I have been searching over internet, but could not find any existing tools for extracting words from a file with a specific delimiter in C++. Does anyone know an already existing library or code in C++ that does the job. Given below is what I wanted to achieve :
- Objective : to extract words from a file using a delimiter
- Words type : words can be made of any combination of unsigned characters (within UTF-8 encoding set). So, \0should also be considered as a character. And only delimiter should be able to separate any two words from each other.
- File type : text file
I have tried the following code :
#include <iostream>
using std::cout;
using std::endl;
#include <fstream>
using std::ifstream;
#include <cstring>
const int MAX_TOKENS_PER_FILE = 100000;
const int MAX_CHARS_PER_LINE = 512;
const int MAX_TOKENS_PER_LINE = 256;
const char* const DELIMITER = " ";
int main()
{
  int index = 0, keyword_num = 0;
  // stores all the words that are in a file
  unsigned char *keywords_extracted[MAX_TOKENS_PER_FILE];    
  // create a file-reading object
  ifstream fin;
  fin.open("data.txt"); // open a file
  if (!fin.good()) 
    return 1; // exit if file not found
  // read each line of the file
  while (!fin.eof())
  {
    // read an entire line into memory
    char buf[MAX_CHARS_PER_LINE];
    fin.getline(buf, MAX_CHARS_PER_LINE);
    // parse the line into blank-delimited tokens
    int n = 0; // a for-loop index
    // array to store memory addresses of the tokens in buf
    const char* token[MAX_TOKENS_PER_LINE] = {}; // initialize to 0
    // parse the line
    token[0] = strtok(buf, DELIMITER); // first token
    if (token[0]) // zero if line is blank
    {
      keywords_extracted[keyword_num] = (unsigned char *)token[0];
      keyword_num++;
      for (n = 1; n < MAX_TOKENS_PER_LINE; n++)
      {
        token[n] = strtok(0, DELIMITER); // subsequent tokens
        if (!token[n]) break; // no more tokens
            keywords_extracted[keyword_num] = (unsigned char *)token[n];
            keyword_num++;
      }
    }
  }
    // process (print) the tokens
    for(index=0;index<keyword_num;index++)

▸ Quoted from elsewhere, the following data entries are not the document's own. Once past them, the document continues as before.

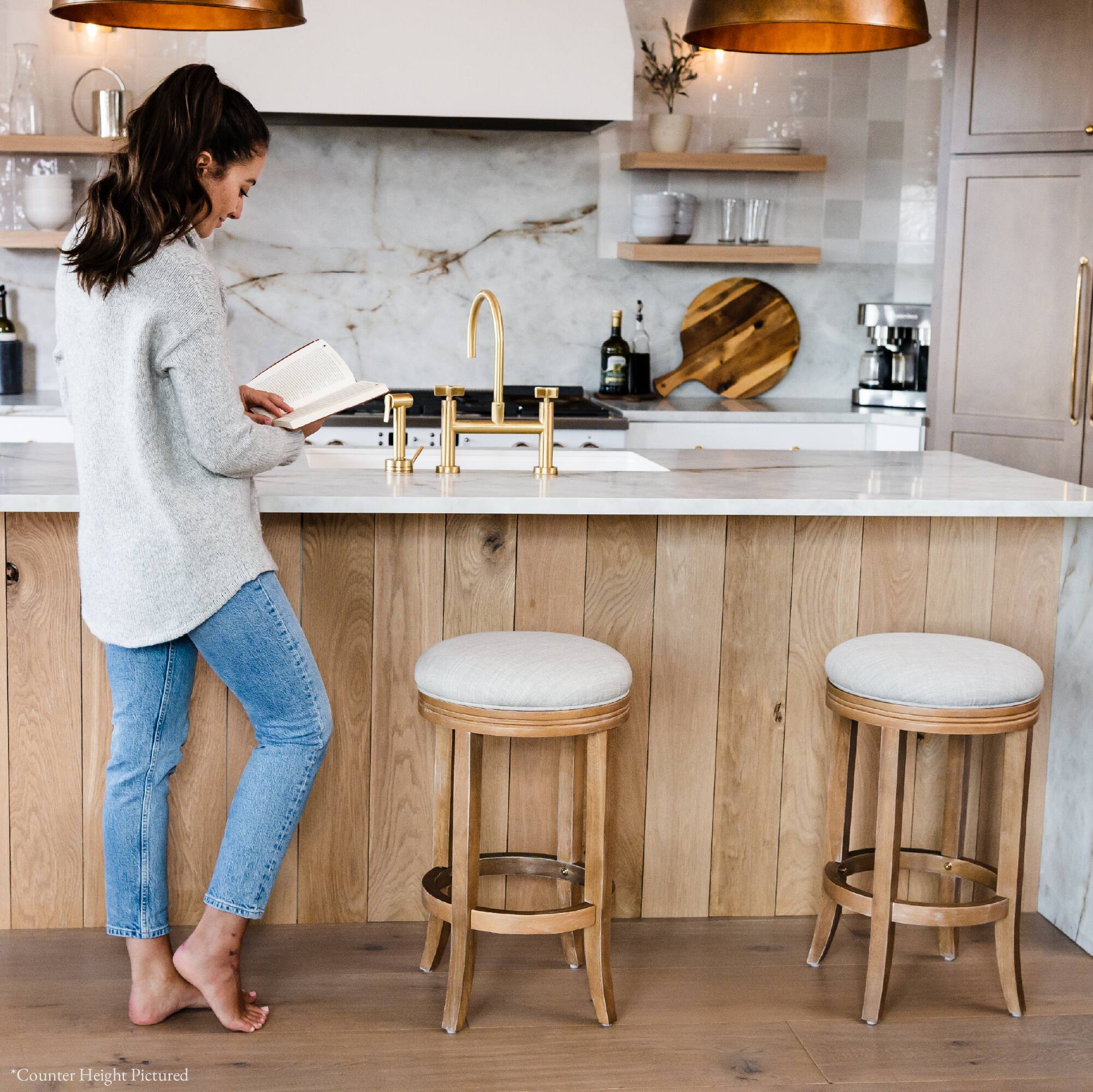 "Counter Height Pictured"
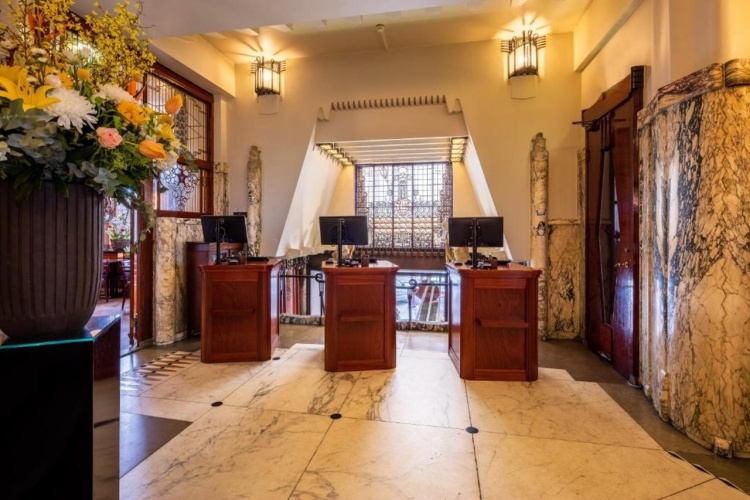 Grand Hotel Amrath Amsterdam photo 35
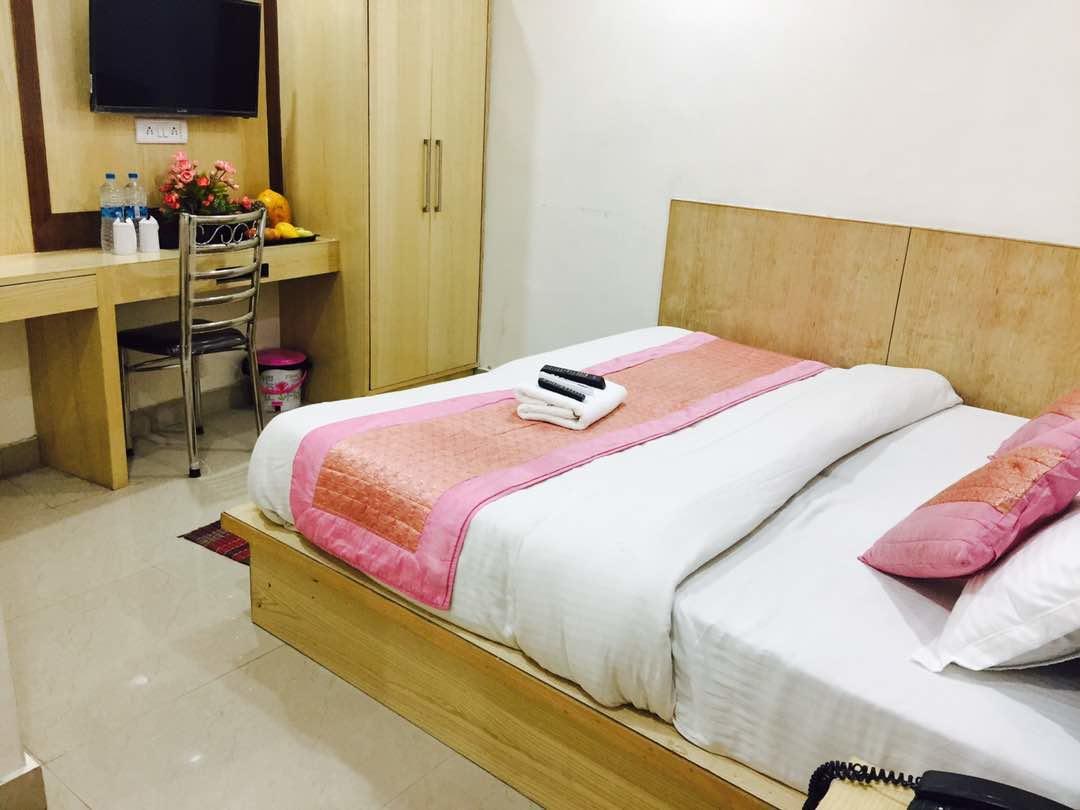 Cottage Lord Krishna Walking Distance From New Delhi Railway Station Eksteriør billede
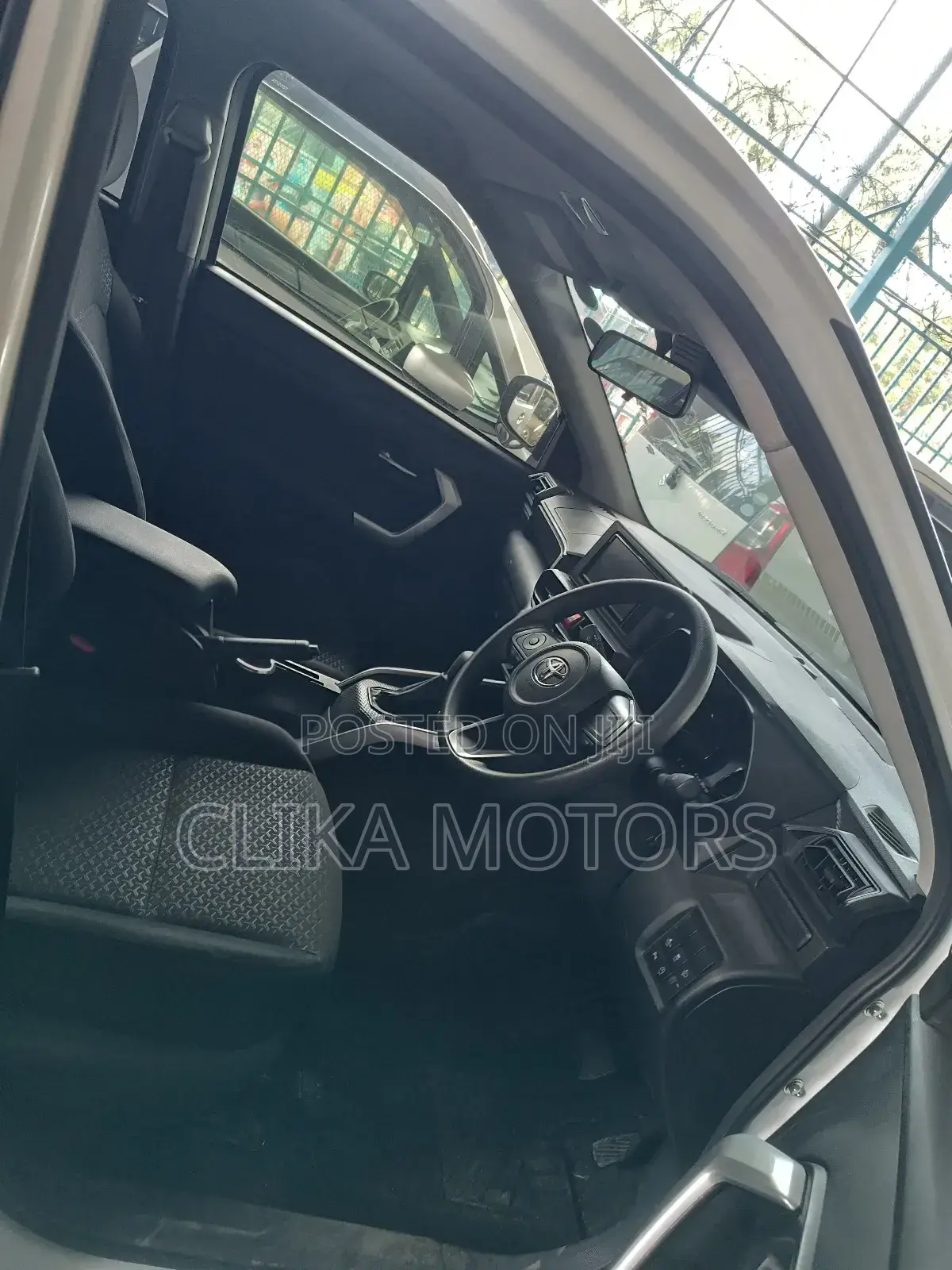 Toyota Raize 2019 White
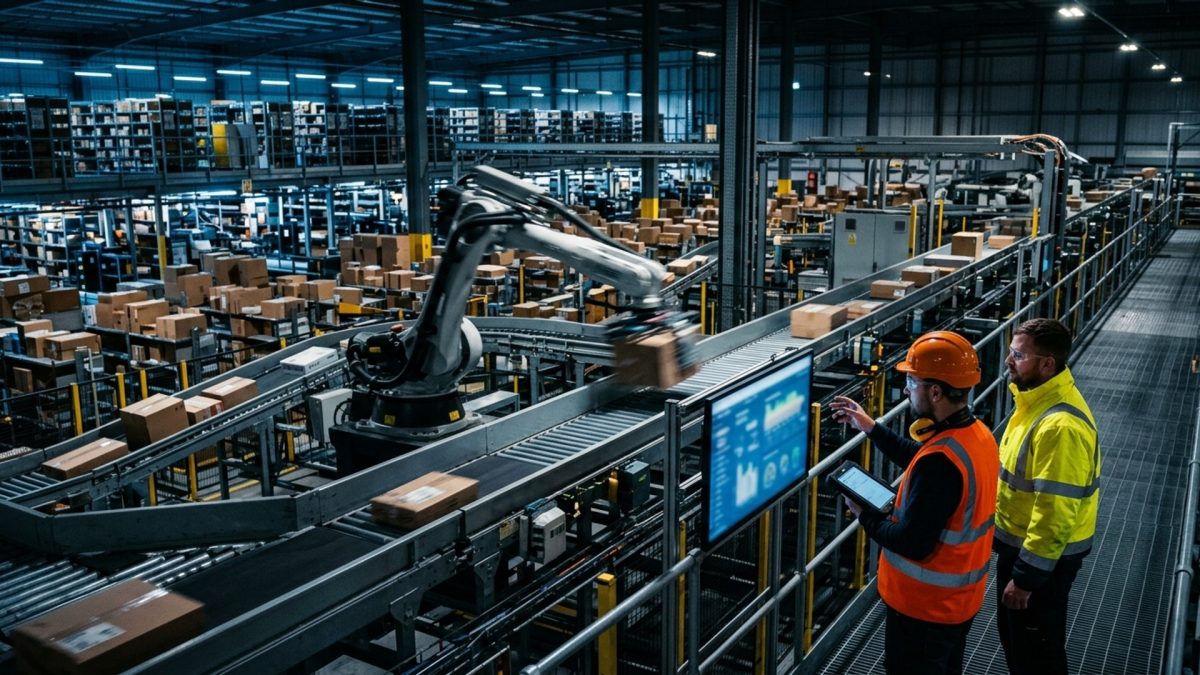 NVIDIA and Palantir Deploy Sovereign AI Stack for Supply Chains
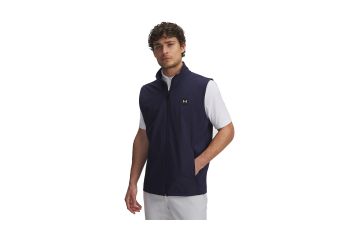 Under Armour FS25 Hr Weste Drive Pro Storm Hybrid Navy 3XL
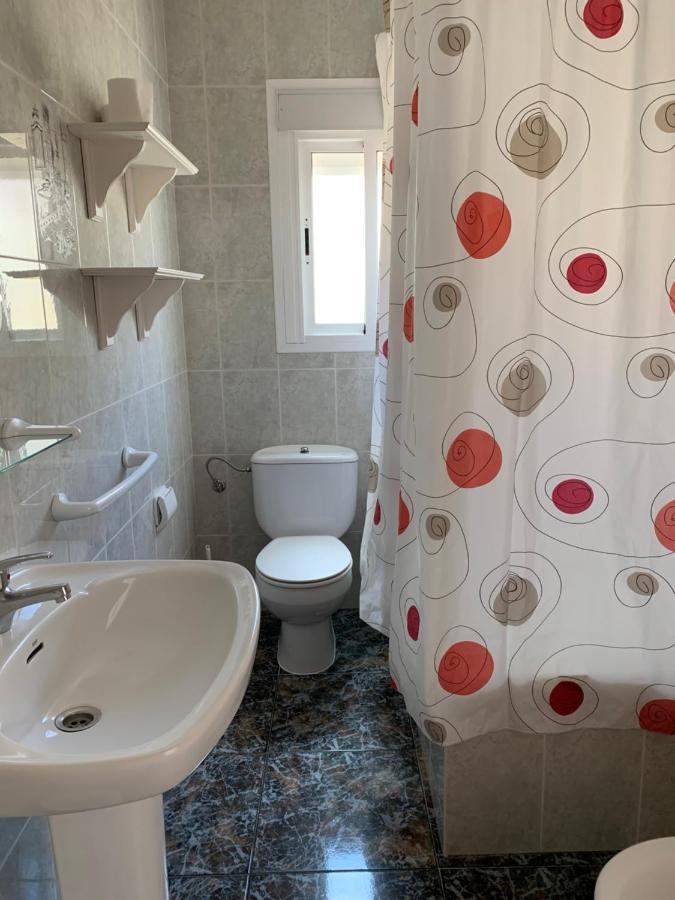 Vivienda Rural Manolo Apartment เอล ปอโซ เด ลอส ไฟรเลส ภายนอก รูปภาพ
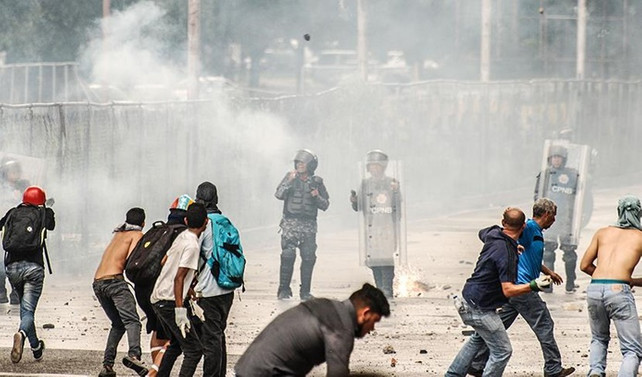 BM'den Venezuela'ya müzakere çağrısı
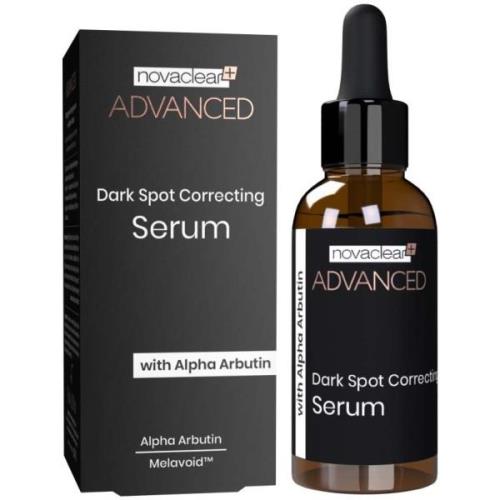 Novaclear Advanced Dark Spot Correcting Serum with Alpha Arbutin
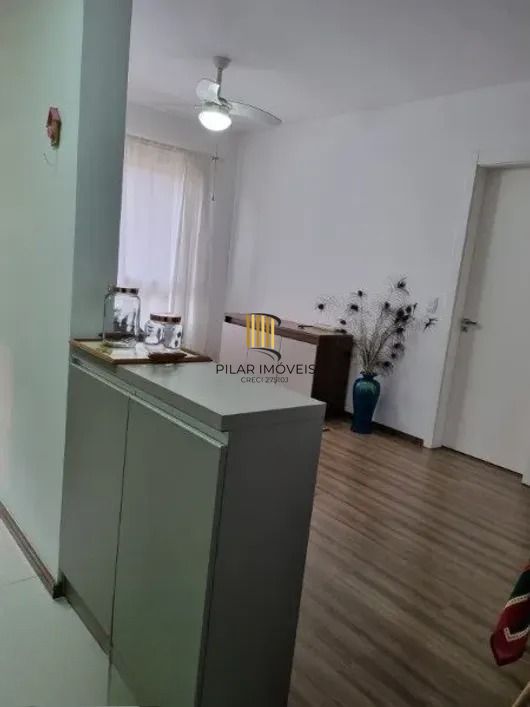 Apartamento  com 1 quarto com churrasqueira, 48m² 1 vaga - Cristo Redentor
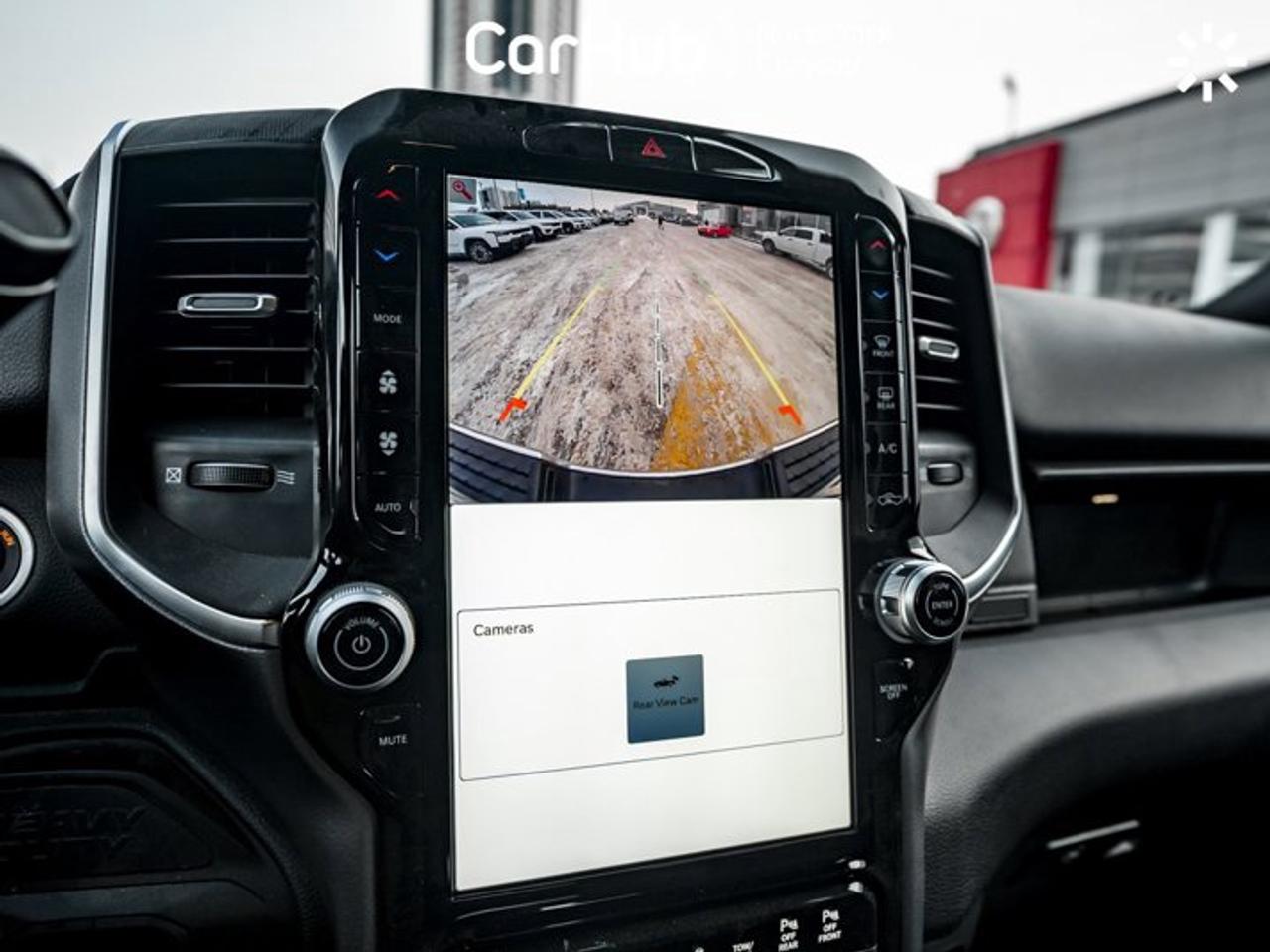 2025 RAM 3500 Big Horn 6'4" Box 6.4L V8 Hemi Navi 12'' Display Remote Start Photo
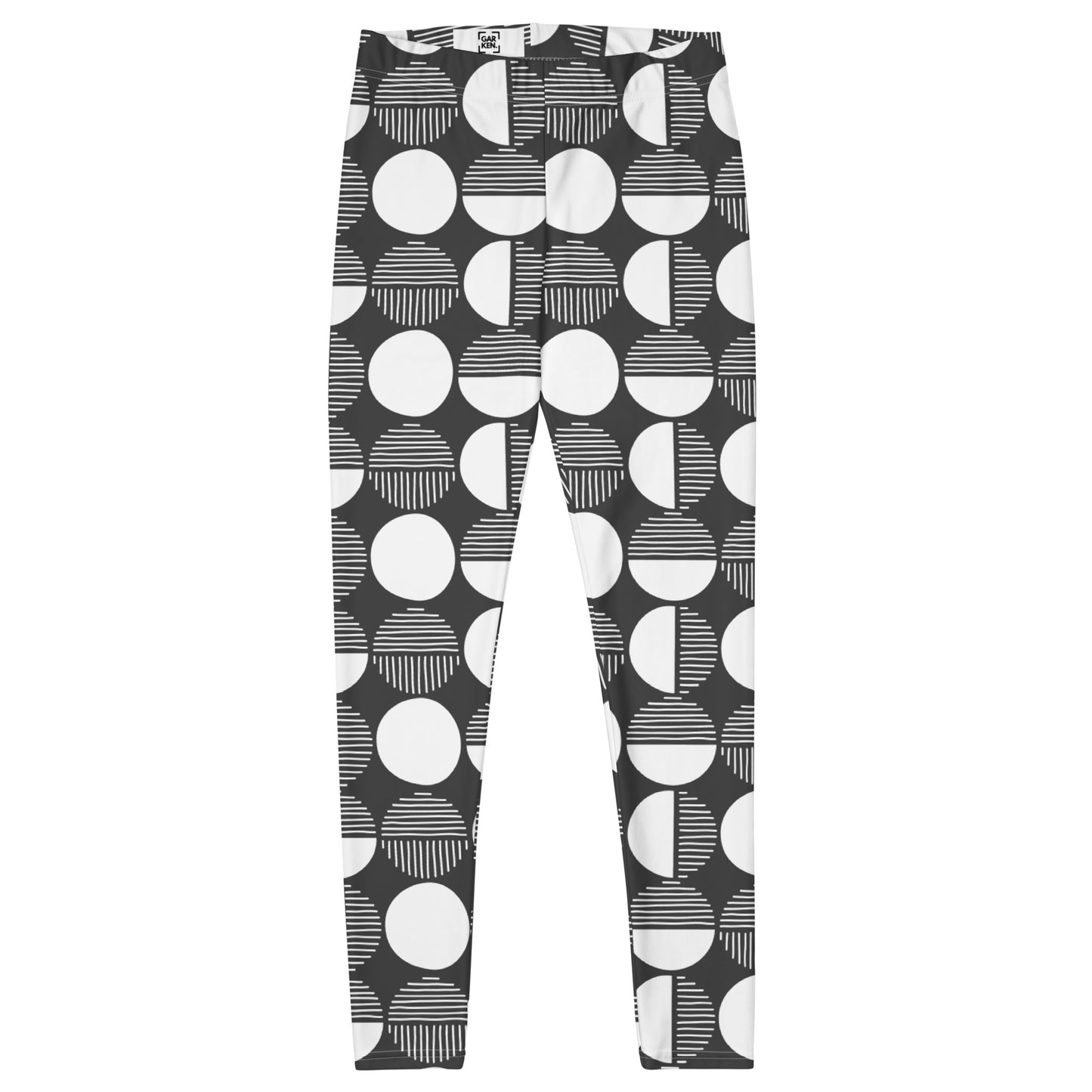 Panda Orbs Leggings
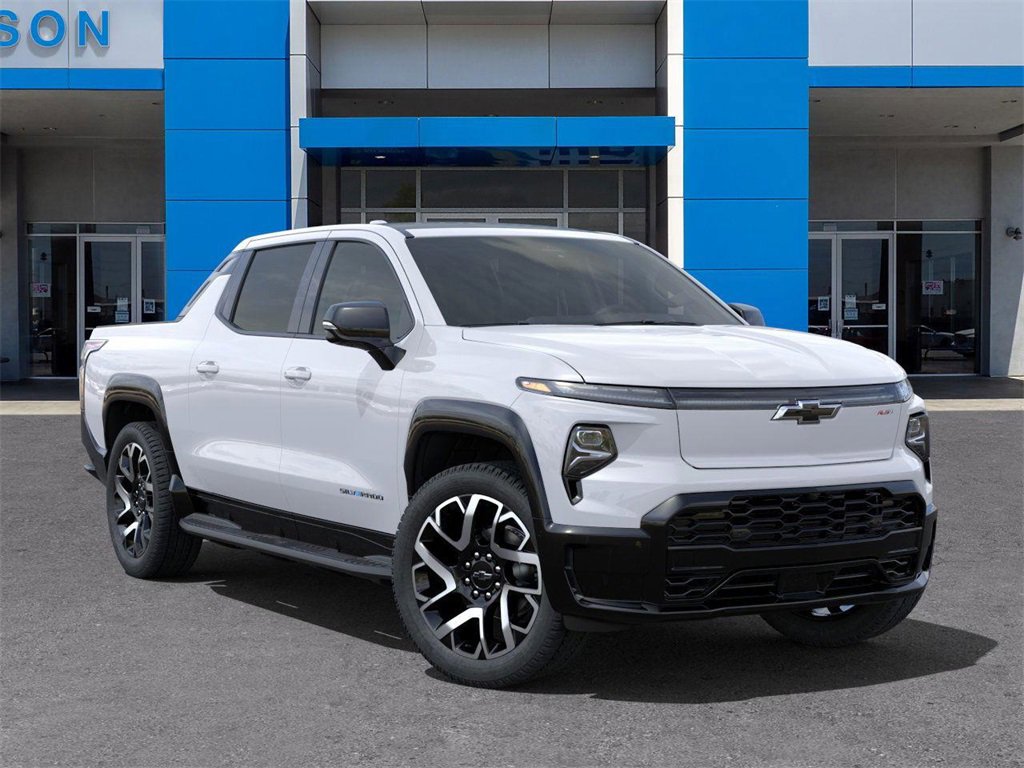 New 2025 Chevrolet Silverado EV RST image 7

        cout << keywords_extracted[index] << endl;
}
But I have a problem from the above code :
- The first word/entry in keywords_extracted is being replaced with '0' as the the content of the last line the program reads is empty.(correct me if i'm doing/assuming anything wrong).
Is there a way to overcome this problem in the above code or are any other existing libraries for this functionality? Sorry for lengthy explanation, just trying to be clear.